Practice Makes Permanent
Most of us are taught that practice makes perfect. When I was in high school my choir teacher always told us something that undid that prevailing wisdom. He said that practice makes permanent.
When we are trying to achieve something in life or in business, we tend to charge forward and hope for the best. We go in with a plan (most of the time), but usually end up doing the same thing over and over again. Indeed, as Einstein posited, this is insanity. If this sounds familiar, consider the following.
There are many reasons for this propensity for repetition: fear, assumptions, complacency, and many more. Any of these can lead you to keep doing things the same way every time. Habits are had to break and they become more deeply set the more we repeat them. What would it look like, though, if you were to pause instead and consider each step instead of the big picture?
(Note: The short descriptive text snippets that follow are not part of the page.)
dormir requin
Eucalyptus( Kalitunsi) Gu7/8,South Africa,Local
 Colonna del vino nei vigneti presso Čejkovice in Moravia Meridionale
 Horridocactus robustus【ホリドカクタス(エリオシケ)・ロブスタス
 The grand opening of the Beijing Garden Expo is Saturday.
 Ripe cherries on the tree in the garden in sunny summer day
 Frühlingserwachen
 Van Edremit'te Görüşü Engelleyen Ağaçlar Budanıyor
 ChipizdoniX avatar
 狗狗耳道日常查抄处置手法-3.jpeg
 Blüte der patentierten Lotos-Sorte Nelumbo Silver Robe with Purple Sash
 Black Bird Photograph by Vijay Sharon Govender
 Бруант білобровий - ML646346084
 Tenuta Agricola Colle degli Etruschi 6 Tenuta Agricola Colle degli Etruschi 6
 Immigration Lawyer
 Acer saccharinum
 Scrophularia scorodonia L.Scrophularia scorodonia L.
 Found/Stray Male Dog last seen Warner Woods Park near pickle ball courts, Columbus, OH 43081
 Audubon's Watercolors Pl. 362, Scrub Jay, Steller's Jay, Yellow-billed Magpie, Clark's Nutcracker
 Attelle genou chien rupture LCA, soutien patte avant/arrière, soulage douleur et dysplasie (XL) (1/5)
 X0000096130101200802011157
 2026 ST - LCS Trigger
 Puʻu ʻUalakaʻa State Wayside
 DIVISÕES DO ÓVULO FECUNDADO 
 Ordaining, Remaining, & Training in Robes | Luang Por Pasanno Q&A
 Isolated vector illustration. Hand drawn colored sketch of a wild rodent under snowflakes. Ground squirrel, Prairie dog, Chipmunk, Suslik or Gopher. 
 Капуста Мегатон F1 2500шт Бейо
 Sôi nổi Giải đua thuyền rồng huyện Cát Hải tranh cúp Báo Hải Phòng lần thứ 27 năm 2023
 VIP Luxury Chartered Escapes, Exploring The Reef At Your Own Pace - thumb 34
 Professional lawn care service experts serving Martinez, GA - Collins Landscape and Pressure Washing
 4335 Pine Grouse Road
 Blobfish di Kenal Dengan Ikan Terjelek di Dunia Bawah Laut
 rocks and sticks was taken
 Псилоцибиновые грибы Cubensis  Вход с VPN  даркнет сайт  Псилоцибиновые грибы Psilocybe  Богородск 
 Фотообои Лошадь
Everything operates in causal relationship. We tend to look at the goal in the future then repeat the same steps toward that goal. What we rarely consider is that each decision, when acted on, creates a new set of possibilities that unfold. Then, when the next decision is made and acted on, there are more decisions. You get the drift.
How about this? At each juncture, instead of repeating the same steps along the way, pause and take a deep breath. Ask yourself which choice before you most reflects your own or your organization's most authentic self. Then, act on that best choice and notice how the options that unfold before you are different than the ones you had before just because you chose differently. It's kind of like an alternate endings game in the real game of life.
Since it takes practice to undo habits (because practice makes permanent), try this method in all facets of your life. If you tend to eat the same foods or go places by the same route or have the same rhythyms of daily life, try to pause, ponder, and act between choices/actions and see what happens.